Running complete sidechain attacks requires replaying the entire state and is not trivial and is mitigated completely if contacts have no Asynchronous inputs or outputs. Examples of affected contracts are mixers, here every user puts a TX in the pool for the final combination of TXs to be executed at once. An adversary could fill the pool with their own TX in a sidechain after every user input and deduct the user input from the retrieved output by eliminating the TXs they put in themselves. For example the revoke message on Permits and regenerate message on viewing keys are subject to side-chain attacks as someone can create a forked chain where the revoke message never happens and retain access to the storage into the future.

One can no longer leverage tx simulation (after light-client implementation in v1.7) to perform non-fork replay attacks as described in a paper published in 2023 by Andrew Miller

Trusted and untrusted data - enclave light client

To prevent against Replay attacks and Simulation Secret implemented an enclave light client that verifies block commitments in V1.7.

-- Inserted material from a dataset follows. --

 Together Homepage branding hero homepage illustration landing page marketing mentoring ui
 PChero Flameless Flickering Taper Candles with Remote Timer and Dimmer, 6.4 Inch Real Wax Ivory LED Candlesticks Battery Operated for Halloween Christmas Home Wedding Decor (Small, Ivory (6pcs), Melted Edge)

In general, the light client protects Secret against fork attacks. However, it is important to know what exactly the light client checks to understand what the remaining attack surface is. The light client validates compute transactions and their order. Specifically, it matches the set of transactions to be executed with the data hash field of the block at the current height. However, the light client does not validate transactions from other modules (such as bank). The light client also does not validate internal contract calls (i.e. if your contract was called from another contract) as these are dynamic (cannot be predicted nor validated in advance) however, these are signed in a way that can only be generated by another contract inside the enclave.

This means that we can trust contract executions - User address, inputs, sent funds are all part of the signed and validated inputs.

State modification attacks

Looking at state modification attacks - these refer to attacks that attempt to modify the internal state of the chain to create behaviour that allows to compromise confidential data. This can be done by changing the internal state values of the chain (even encrypted values can be replaced with other valid encrypted values) and executing the real transactions to see what happens.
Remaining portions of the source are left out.